Never Better is the third solo studio album by American rapper P.O.S. It was released on Rhymesayers Entertainment in 2009. It peaked at number 106 on the Billboard 200 chart.

Production
Over half of the record is produced by P.O.S himself, along with contributions from Doomtree producers Lazerbeak, Paper Tiger and MK Larada. It features guest verses from Doomtree compatriots Sims, Cecil Otter and Dessa, as well as Astronautalis.

Release
The first single "Goodbye" was released in December, 2008. The second single "Drumroll (We're All Thirsty)" was released in January, 2009 on iTunes and Amazon.com. The track "Savion Glover" is a remix of a track previously released on Doomtree's False Hopes in 2007.
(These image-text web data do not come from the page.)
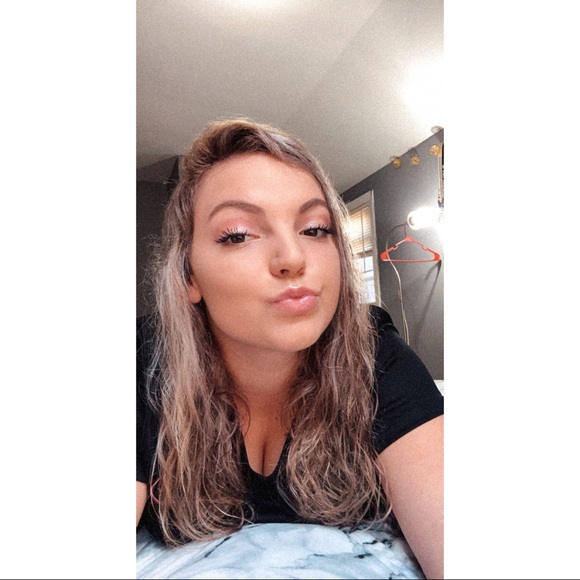 Profile Picture of Makayla Black (@makblack34) on Poshmark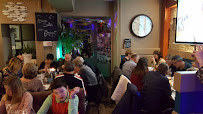Atmosphère du Restaurant français Restaurant Le Cabestan à Couzon-au-Mont-d'Or - n°12
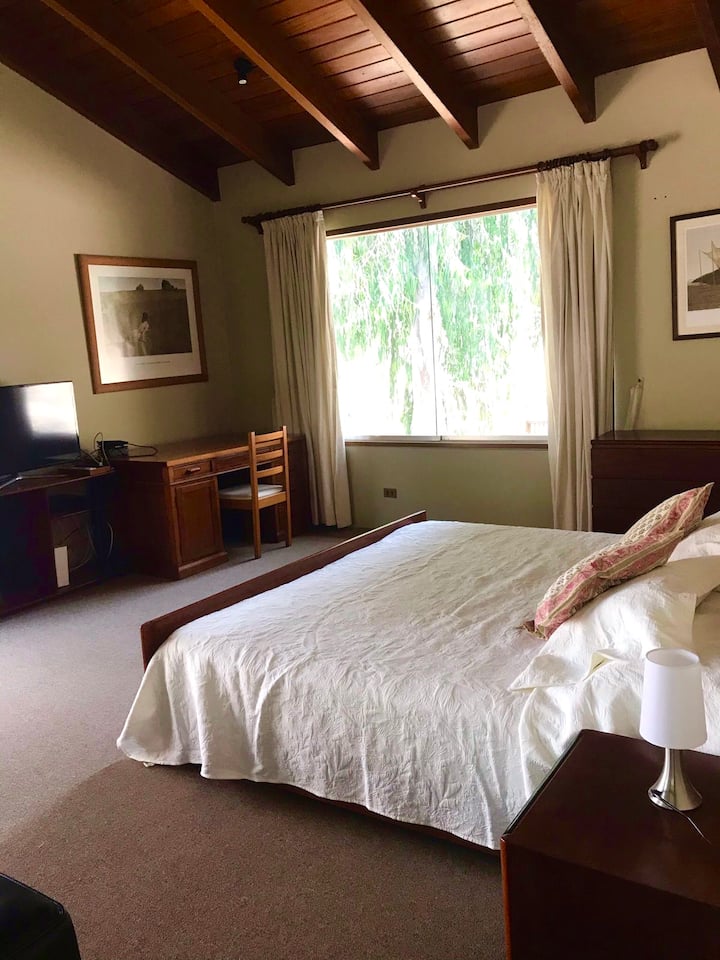 Spavaća soba s bračnim krevetom (širine 180 – 200 cm), pogled na vrt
The album was released in a limited custom transparent digipak edition designed by Minneapolis designer Eric Carlson. It features 16 solid picture inserts with 6 plastic overlays, allowing the owner to create their own cover art combinations.

Critical reception

At Metacritic, which assigns a weighted average score out of 100 to reviews from mainstream critics, the album received an average score of 75, based on 8 reviews, indicating "generally favorable reviews".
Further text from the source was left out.